» **EXERCISE MATERIAL**:
----------
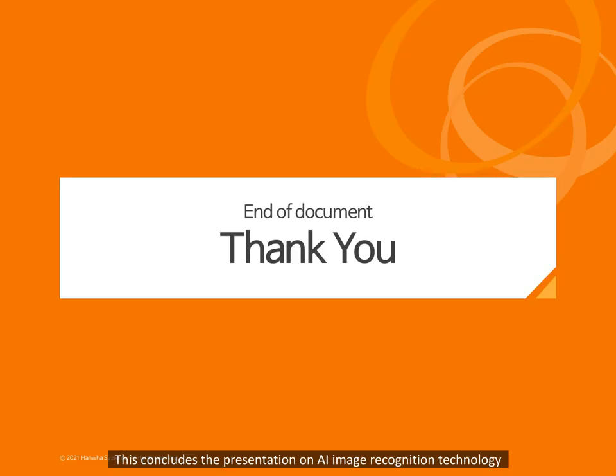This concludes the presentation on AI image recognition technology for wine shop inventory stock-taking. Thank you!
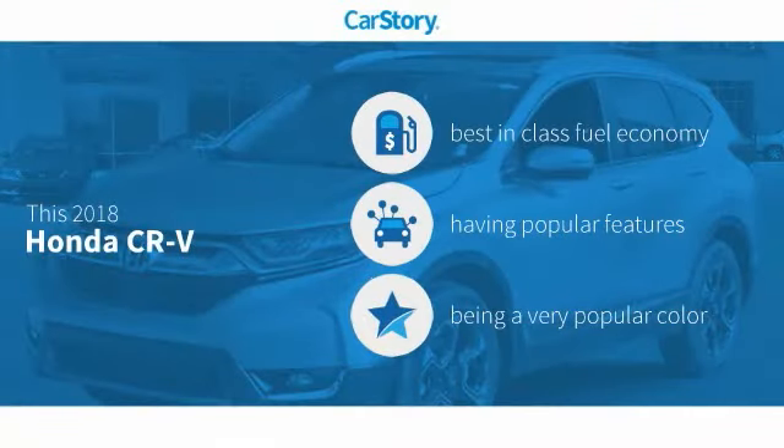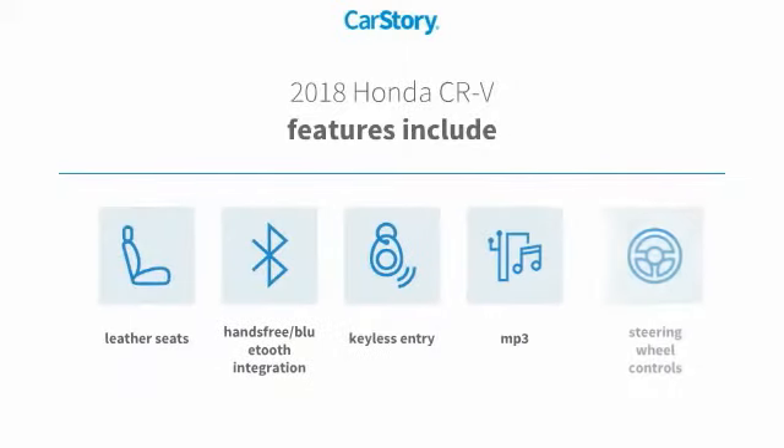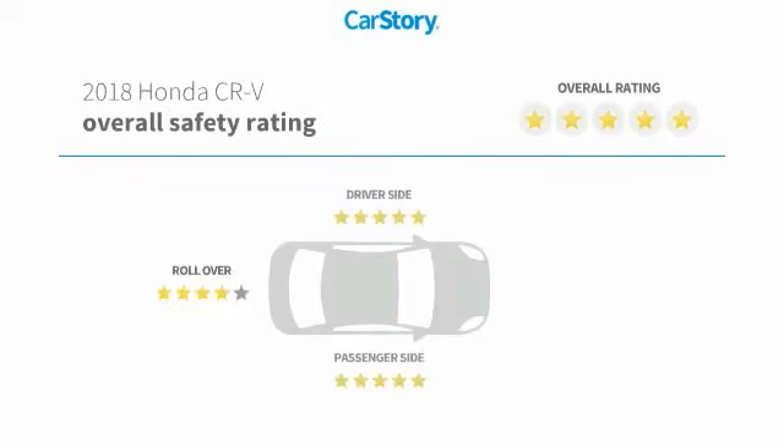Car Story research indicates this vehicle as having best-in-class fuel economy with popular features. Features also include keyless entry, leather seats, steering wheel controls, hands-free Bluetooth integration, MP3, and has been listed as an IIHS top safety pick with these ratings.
----------
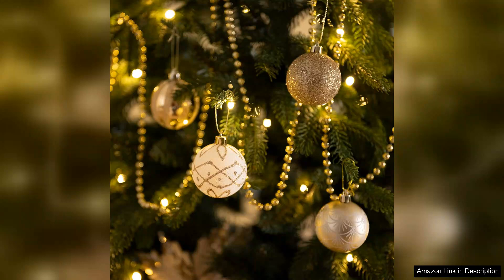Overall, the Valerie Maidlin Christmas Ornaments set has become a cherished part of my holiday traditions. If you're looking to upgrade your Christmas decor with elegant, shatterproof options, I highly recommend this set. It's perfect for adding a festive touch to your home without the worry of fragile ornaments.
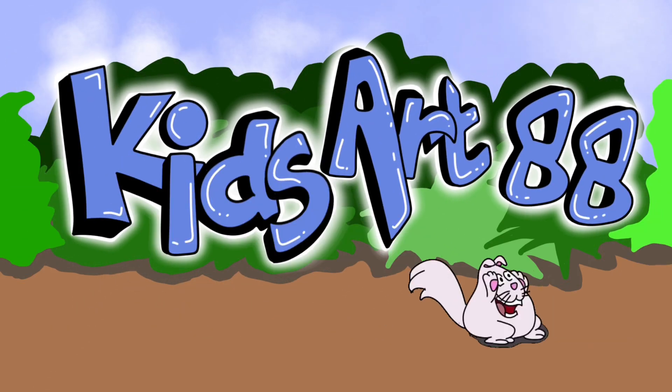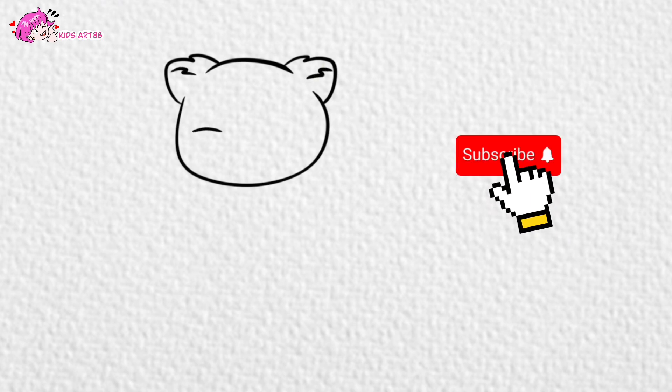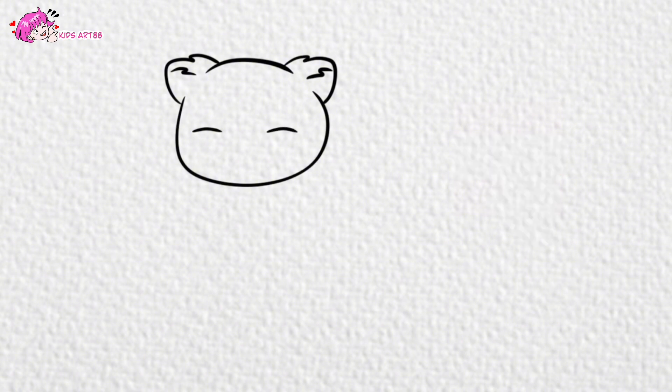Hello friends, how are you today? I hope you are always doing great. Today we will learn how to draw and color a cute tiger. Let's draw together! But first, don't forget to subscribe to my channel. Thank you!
----------
Print the part of the listing above that opens with the line containing "This concludes the" and closes with the line containing "Car Story research". Copy it exactly, both ends included, and omit the pictures.

» **EXERCISE SOLUTION**:
This concludes the presentation on AI image recognition technology for wine shop inventory stock-taking. Thank you!
Car Story research indicates this vehicle as having best-in-class fuel economy with popular features. Features also include keyless entry, leather seats, steering wheel controls, hands-free Bluetooth integration, MP3, and has been listed as an IIHS top safety pick with these ratings.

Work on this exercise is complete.